Failure Modes

This section provides an overview of the major failure scenarios that PostgreSQL can face on a Kubernetes cluster during its lifetime.

Important

In case the failure scenario you are experiencing is not covered by this section, please immediately contact EnterpriseDB for support and assistance.

Liveness and readiness probes

Each pod of a Cluster has a postgres container with a liveness and a readiness probe.

The liveness probe relies on pg_isready, while the readiness probe checks if the database is up and able to accept connections using the superuser credentials. The two probes will report a failure if the probe command fails 3 times with a 10 seconds interval between each check.

For now, the operator doesn't configure a startupProbe on the Pods, since startup probes have been introduced only in Kubernetes 1.17.

The liveness probe is used to detect if the PostgreSQL instance is in a broken state and needs to be restarted. The value in startDelay is used to delay the probe's execution, which is used to prevent an instance with a long startup time from being restarted.

Storage space usage

The operator will instantiate one PVC for every PostgreSQL instance to store the PGDATA content.

Such storage space is set for reuse in two cases:

  • when the corresponding Pod is deleted by the user (and a new Pod will be recreated)
  • when the corresponding Pod is evicted and scheduled on another node

If you want to prevent the operator from reusing a certain PVC you need to remove the PVC before deleting the Pod. For this purpose, you can use the following command:

kubectl delete -n [namespace] pvc/[cluster-name]-[serial] pod/[cluster-name]-[serial]

For example:

$ kubectl delete -n default pvc/cluster-example-1 pod/cluster-example-1
persistentvolumeclaim "cluster-example-1" deleted
pod "cluster-example-1" deleted

Failure modes

A pod belonging to a Cluster can fail in the following ways:

  • the pod is explicitly deleted by the user;
  • the readiness probe on its postgres container fails;
  • the liveness probe on its postgres container fails;
  • the Kubernetes worker node is drained;
  • the Kubernetes worker node where the pod is scheduled fails.

Each one of these failures has different effects on the Cluster and the services managed by the operator.

Pod deleted by the user

The operator is notified of the deletion.
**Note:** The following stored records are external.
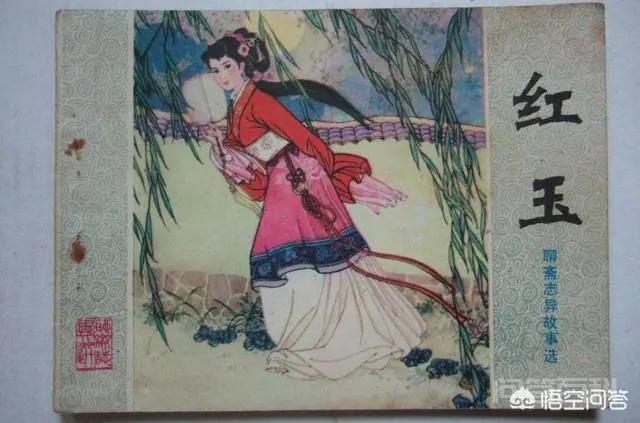 有看过老版《聊斋》的吗?里面哪个故事比较好玩?-图片4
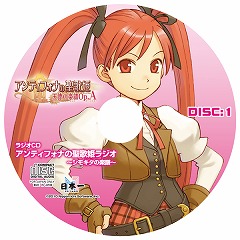 画像ギャラリー No.008のサムネイル画像 / 日本一ソフトウェア,コミックマーケット77での出展情報を公開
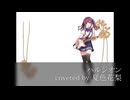 【夏色花梨】ハルジオン【Synthesizer V カバー】
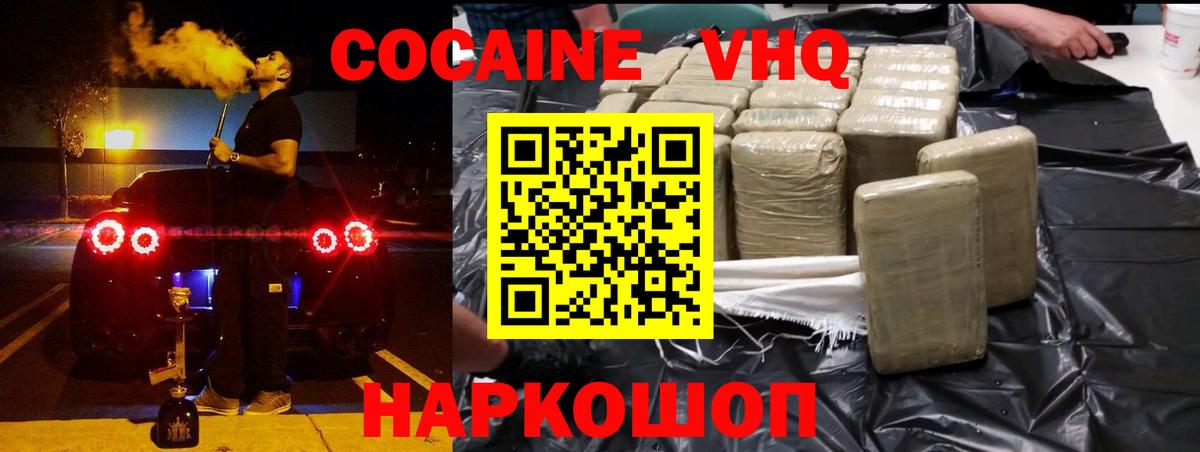 КОКАИН Боливия  Кокаин Fish Scale  Кокаин  Вход с VPN  Кулебаки 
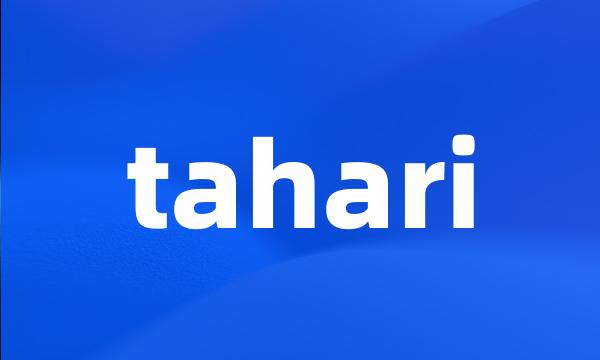 tahari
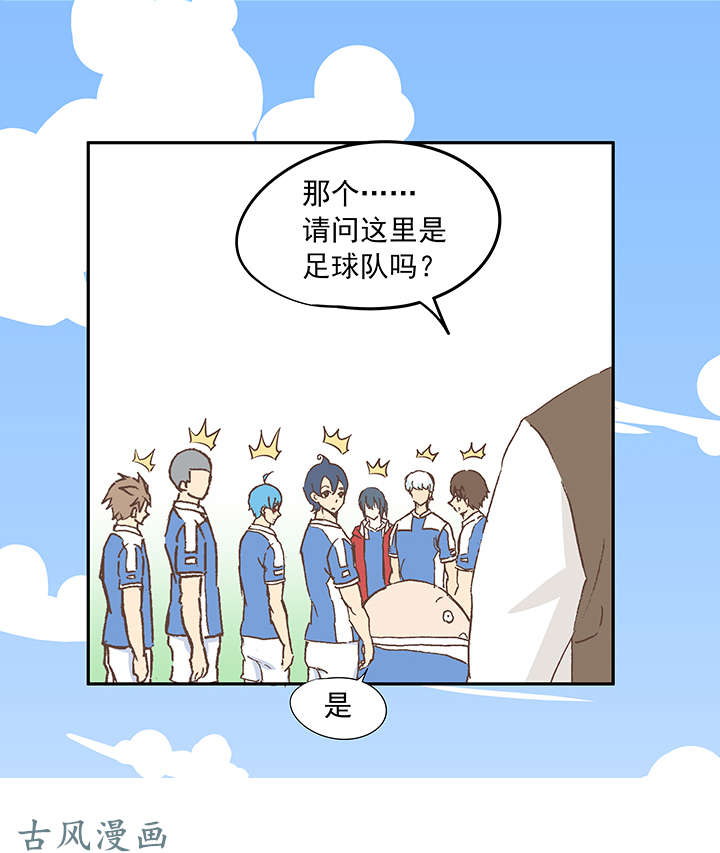 神之一脚第二十波 强敌？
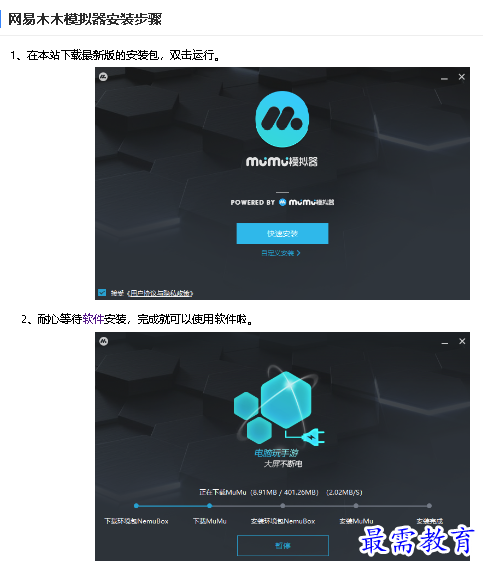 1680668305154705.png image.png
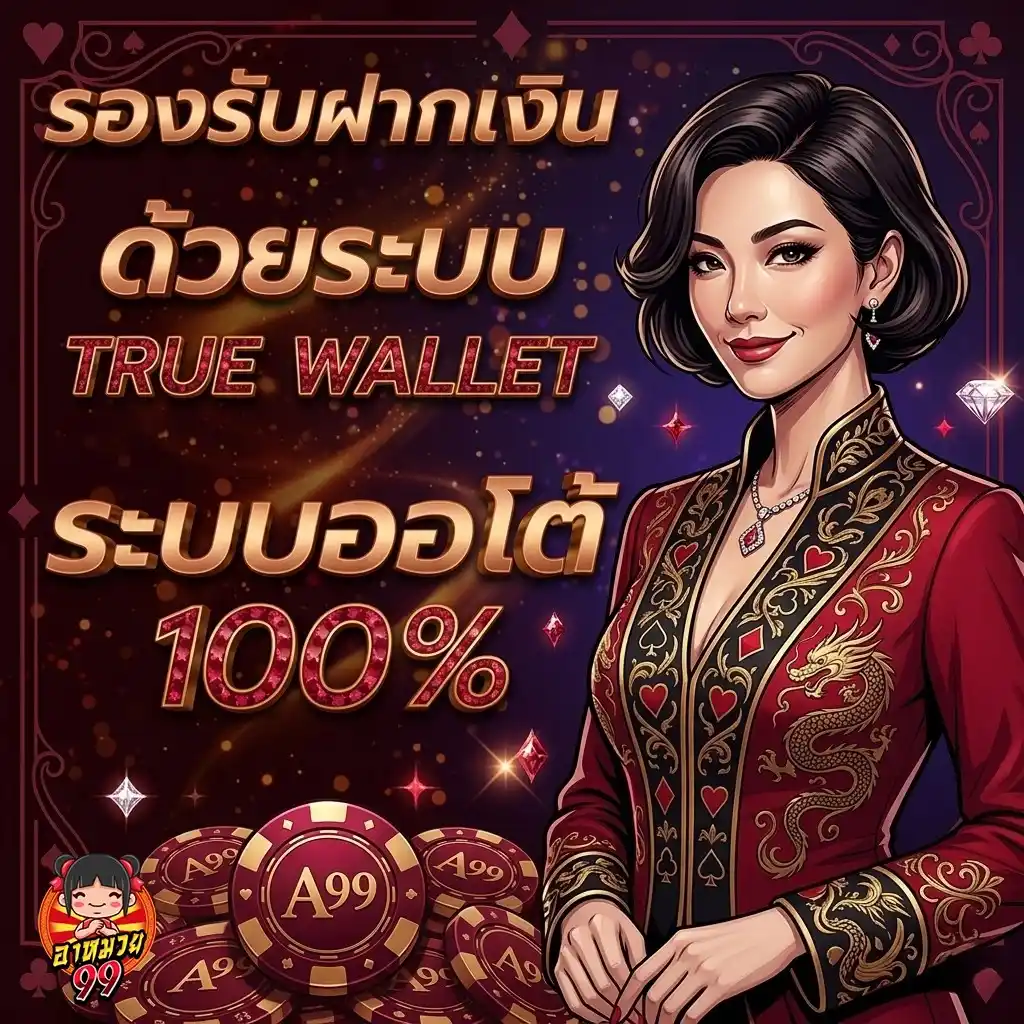 amuay99 เครดิตฟรี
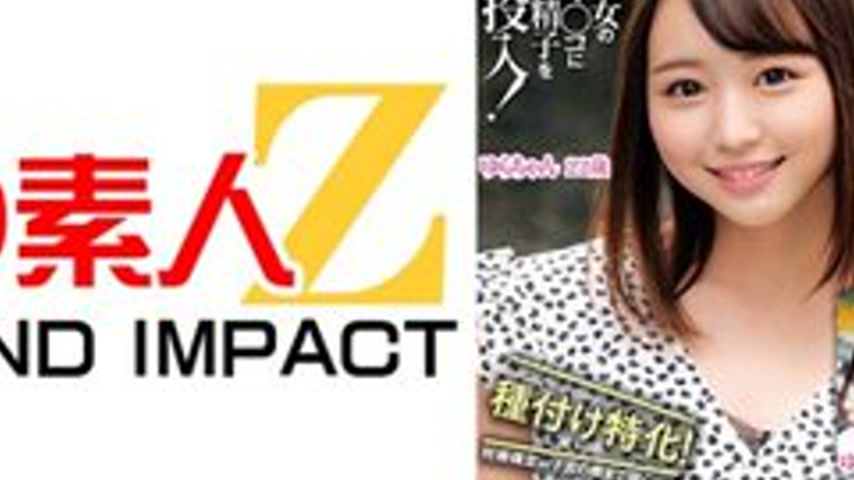 sextop1 — [UNCENSORED-LEAK] 765ORECS-326 A Large Amount Of Hot Sperm I — khung hình 4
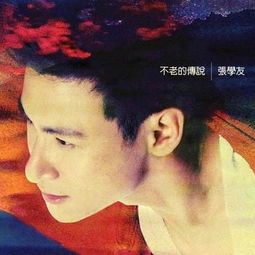 《你是枕边穿堂风》短剧在线观看，绝世神王，传奇之路的辉煌篇章短剧在线观看，绝世神王短剧免费观看短剧在线观看
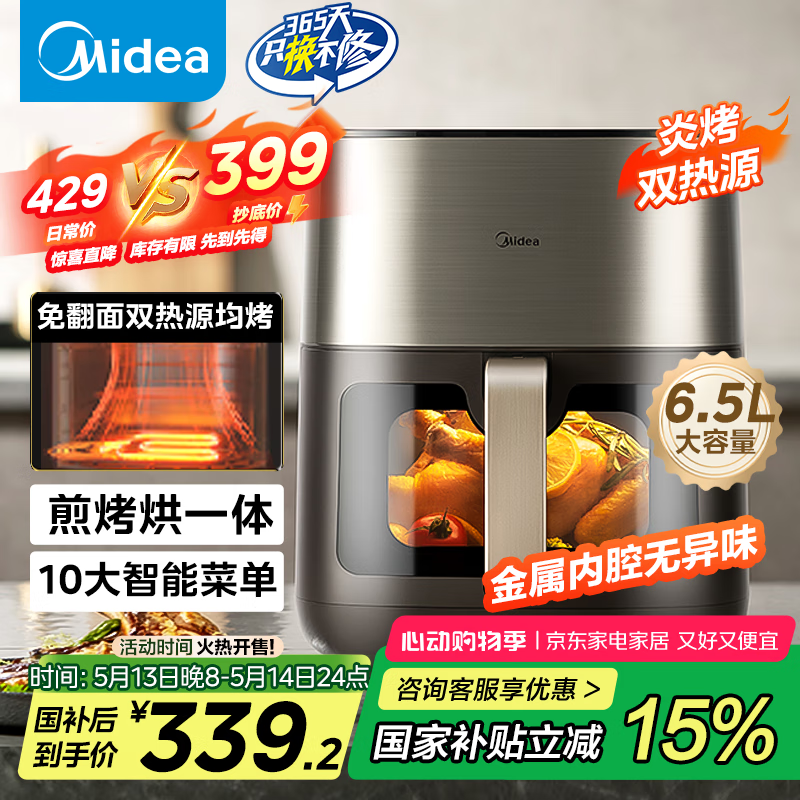  KZC6502XM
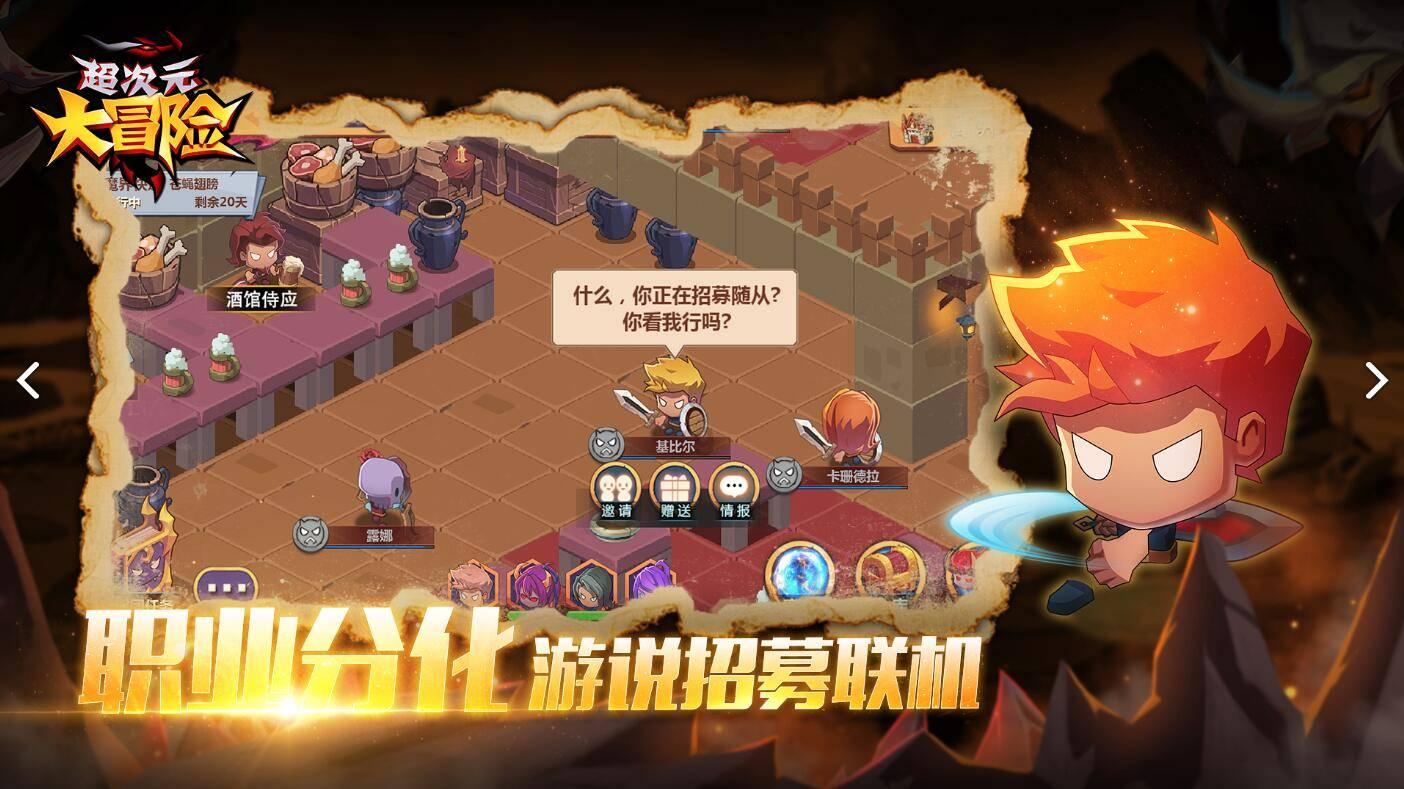 找到旅店窃贼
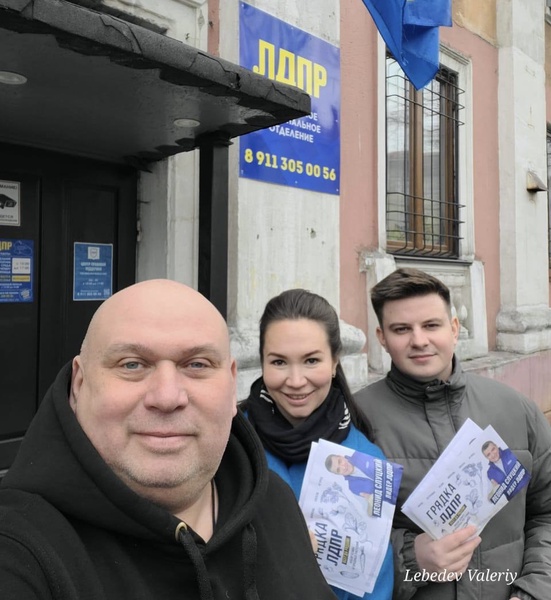 Акция "Грядка ЛДПР" стартовала в Мурманске  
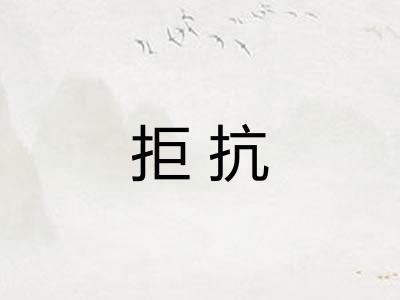 拒抗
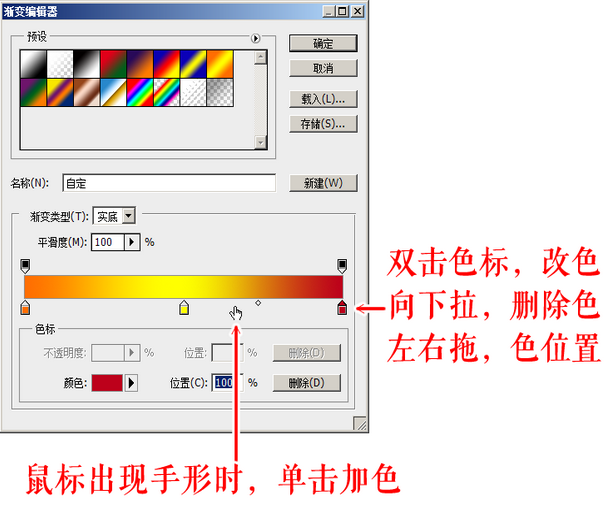 ps如何讓文字顏色漸變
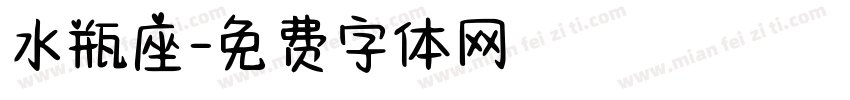 水瓶座字体转换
A new pod belonging to the Cluster will be automatically created reusing the existing PVC, if available, or starting from a physical backup of the primary otherwise.

Important

In case of deliberate deletion of a pod, PodDisruptionBudget policies will not be enforced.

Self-healing will happen as soon as the apiserver is notified.

Readiness probe failure

After 3 failures, the pod will be considered not ready. The pod will still be part of the Cluster, no new pod will be created.

If the cause of the failure can't be fixed, it is possible to delete the pod manually. Otherwise, the pod will resume the previous role when the failure is solved.

Self-healing will happen after three failures of the probe.

Liveness probe failure

After 3 failures, the postgres container will be considered failed. The pod will still be part of the Cluster, and the kubelet will try to restart the container. If the cause of the failure can't be fixed, it is possible to delete the pod manually.

Self-healing will happen after three failures of the probe.

Worker node drained

The pod will be evicted from the worker node and removed from the service. A new pod will be created on a different worker node from a physical backup of the primary if the reusePVC option of the nodeMaintenanceWindow parameter is set to off (default: on during maintenance windows, off otherwise).

The PodDisruptionBudget may prevent the pod from being evicted if there is at least another pod that is not ready.

Self-healing will happen as soon as the apiserver is notified.

Worker node failure

Since the node is failed, the kubelet won't execute the liveness and the readiness probes. The pod will be marked for deletion after the toleration seconds configured by the Kubernetes cluster administrator for that specific failure cause. Based on how the Kubernetes cluster is configured, the pod might be removed from the service earlier.

A new pod will be created on a different worker node from a physical backup of the primary. The default value for that parameter in a Kubernetes cluster is 5 minutes.

Self-healing will happen after tolerationSeconds.

Self-healing

If the failed pod is a standby, the pod is removed from the -r service and from the -ro service. The pod is then restarted using its PVC if available; otherwise, a new pod will be created from a backup of the current primary. The pod will be added again to the -r service and to the -ro service when ready.

If the failed pod is the primary, the operator will promote the active pod with status ready and the lowest replication lag, then point the -rwservice to it. The failed pod will be removed from the -r service and from the -ro service. Other standbys will start replicating from the new primary. The former primary will use pg_rewind to synchronize itself with the new one if its PVC is available; otherwise, a new standby will be created from a backup of the current primary.

Manual intervention

In the case of undocumented failure, it might be necessary to intervene to solve the problem manually.

Important

In such cases, please do not perform any manual operation without the support and assistance of EnterpriseDB engineering team.